The bridge formed part of the original route of the A256, a major road along the East Kent coast from Dover to Thanet. In 1962, the toll was 1 shilling (5p) for cars and 1/3 (6¼p) - 1/6 (7½p) for goods vehicles. By 1965, it had become a significant bottleneck on the A256 as it could only carry a single lane of motor traffic and was the only crossing of the Stour in the local area. A petition for a bypass was signed by 3,000 residents. In 1973, a fund was set up to use excess monies from tolls to pay for local infrastructure.

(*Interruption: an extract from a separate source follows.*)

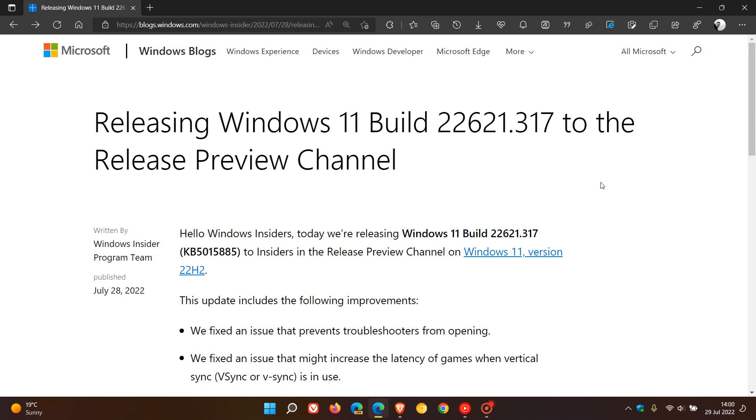This is a good indication that the public release for the feature update is getting closer. As mentioned in the video I posted yesterday, which I'll leave a link to in the description, we are expecting that public rollout for the Windows 11 22H2 feature update to be in late September, early October or thereabouts.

The bridge was Grade II listed in 1976. Tolls were abolished the following year, with the final one being collected by the Mayor Councillor on 30 September. A bypass of Sandwich opened in 1981, taking traffic away from the bridge, yet it continued to attract congestion as it was used as a rat run.

In 2018, the bridge began to suffer reliability problems. While Kent County Council were investigating repairs, on 9 June 2019, the bridge was stuck open after shipping vessel passed through. Following emergency work, it reopened on 24 June. The bridge was expected to close again in February 2020 to all traffic, including pedestrians, but this was postponed. The repairs eventually began in September 2020, closing the bridge for 11 weeks, costing the council half a million pounds. Further maintenance, installing a bespoke gearbox on the bridge, continued the following year.